Containers and Kubernetes: What They Actually Are and When You Actually Need Them

Containers and Kubernetes: What They Actually Are and When You Actually Need Them
Series: The Modern SDLC · Post 10 of 17 ← Post 9: Infrastructure as Code · Post 11: CD and GitOps →
Kubernetes has a reputation problem. Among engineers who've adopted it well, it's the platform that made their delivery process reliable and their infrastructure predictable. Among engineers who adopted it too early or without enough context, it's the thing that turned a straightforward deployment into a full-time operational job.
Both groups are describing the same technology. The difference is context: team size, workload characteristics, operational maturity, and — most importantly — whether the complexity Kubernetes introduces is justified by the problems it solves.
This post covers what containers and Kubernetes actually do, why they matter, and — as importantly — when they're the wrong tool for the job. Understanding the second part is what separates teams that get value from Kubernetes from teams that spend six months learning it before concluding they should have used something simpler.
The one thing to remember
A container is an immutable artefact. The exact same image that passes CI runs in staging and production. There is no deployment step that could introduce differences — you deploy the artefact, not instructions for building it.
This immutability is the foundational value of containerisation. Everything else — Kubernetes, orchestration, service meshes — builds on top of it.
What containers actually are
A container is a lightweight, isolated process that packages an application with everything it needs to run: runtime, libraries, configuration, and code. Unlike virtual machines, containers share the host operating system's kernel — which is why they start in milliseconds rather than minutes and use a fraction of the memory.
The practical consequence is environment parity. An application that runs in a container on a developer's laptop runs the same way in CI, in staging, and in production. The runtime version, the system libraries, the configuration — all identical, all specified in the Dockerfile. "Works on my machine" stops being possible because "my machine" and "production" run the same container image.

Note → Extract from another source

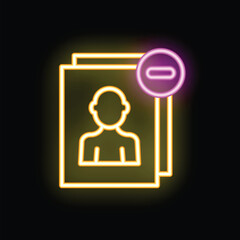 Wall Mural - glowing neon line icon of a user profile being removed from a database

The image is the key concept. An image is a snapshot — a read-only, layered filesystem that contains everything the container needs. It's built once, pushed to a registry, and pulled by any environment that runs it. The image that passes your CI pipeline is the image that deploys to production. There's no build step on the production server, no dependency installation, no environment-specific setup. The artefact is the deployment.
Writing good Dockerfiles
A poorly written Dockerfile produces an image that's gigabytes in size, takes minutes to build, contains unnecessary build tools and source code, and has hundreds of CVEs from outdated base image packages. A well-written Dockerfile produces an image that's small, fast to build, and has minimal attack surface.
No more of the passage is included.